Input data Start Marker

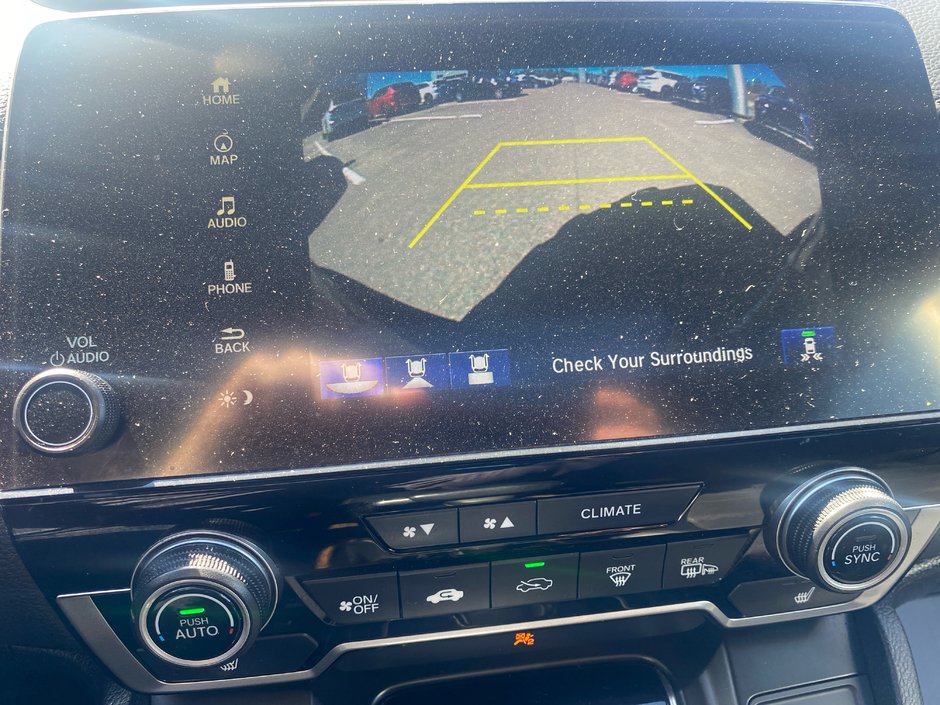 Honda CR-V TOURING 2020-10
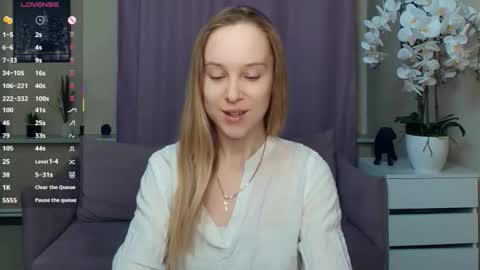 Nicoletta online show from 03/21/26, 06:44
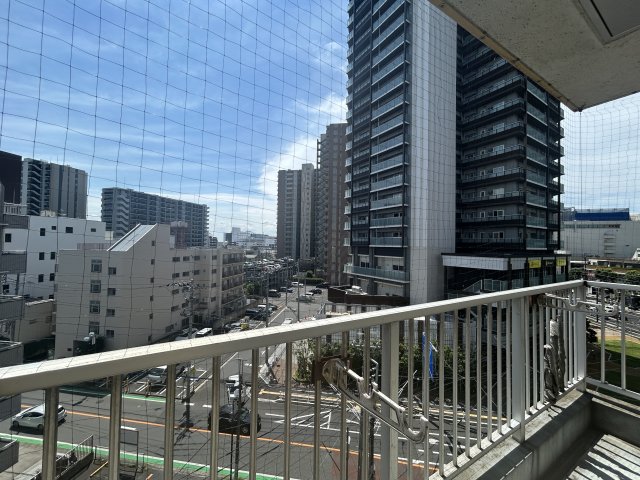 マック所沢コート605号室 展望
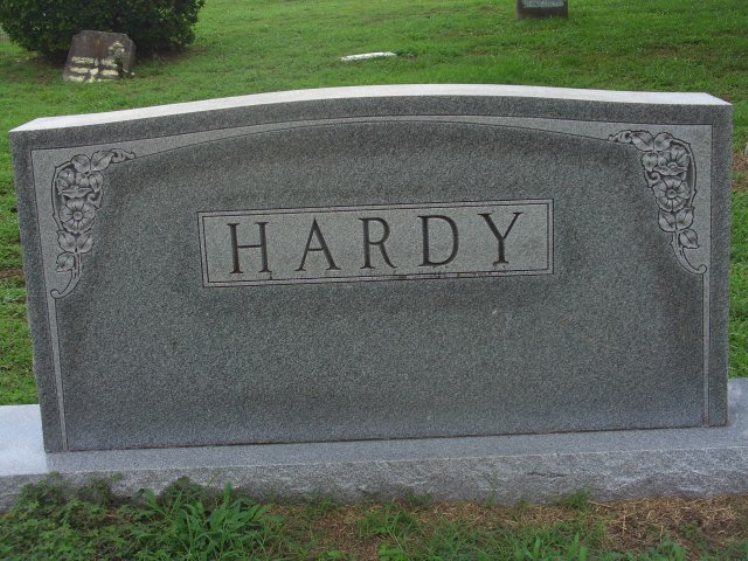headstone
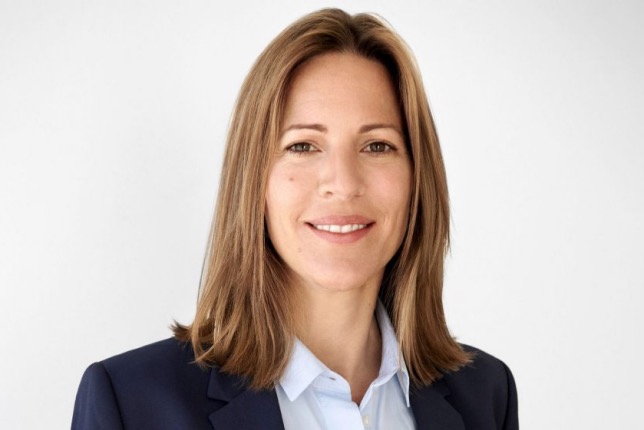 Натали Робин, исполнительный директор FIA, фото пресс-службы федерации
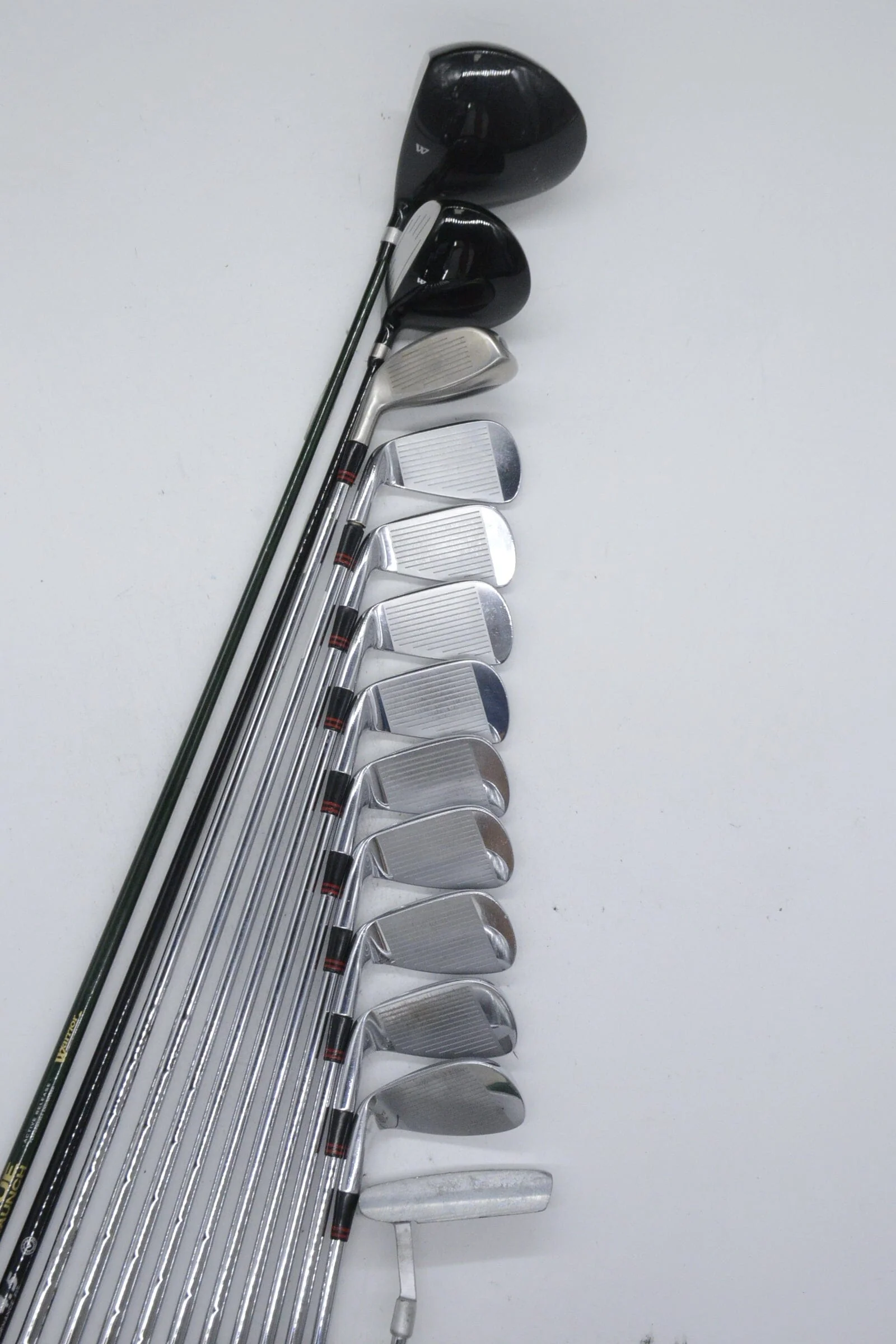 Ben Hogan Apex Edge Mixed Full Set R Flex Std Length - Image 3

Input data End Marker

## Your objective
Exclude all pictures and reproduce verbatim the lines running from the line that contains "マック所沢コート605号室 展望" to the end of the data above, both ends included.

## Finished exercise
 マック所沢コート605号室 展望
headstone
 Натали Робин, исполнительный директор FIA, фото пресс-службы федерации
 Ben Hogan Apex Edge Mixed Full Set R Flex Std Length - Image 3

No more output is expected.